A long time after I answering this, I came back here and realized another solution to this problem is to implement GameState's Players, Decks, etc... as derived from an IState class with an Apply(IAction action) member. This way objects apply actions on themselves, instead of having the application apply actions on objects, this would map actions and state to a visitor-pattern instead of a command pattern.

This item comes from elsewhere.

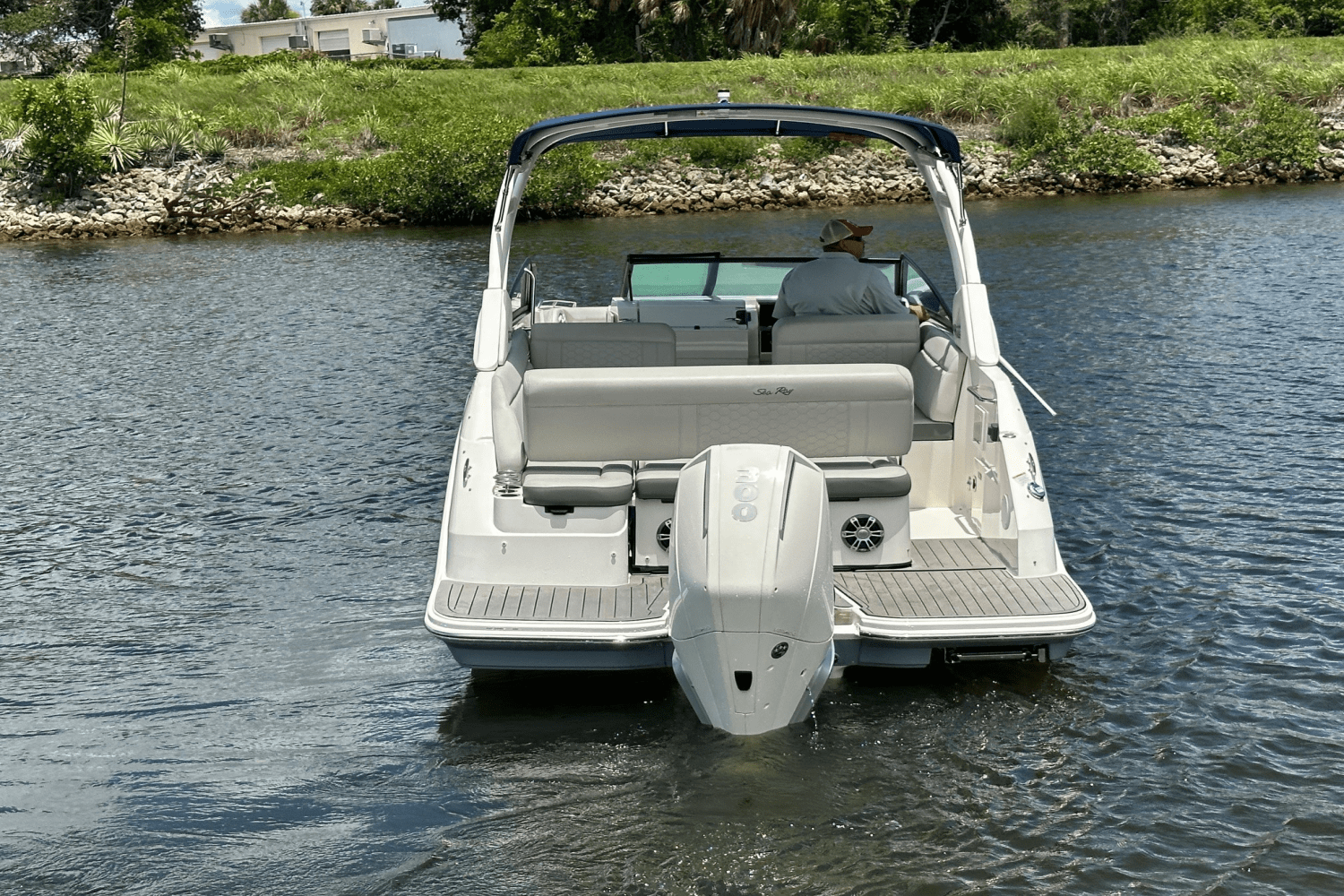 2022 Sea Ray 250 SDX OB Image Thumbnail #8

Either solution will work, where visitor has the larger overhead and more encapsulation, while command is the easier solution with less encapsulation.

Robert Gould
So I guess the question comes down to mutability, e.g. the player's name would reside in the Player class because it's not going to be affected by any game actions. This means that everything that could be changed by any action possible within the game would be stored directly in the game state.
John Rasch
Yes in a way (name could also change). But the Player State is a sub-part of Game State.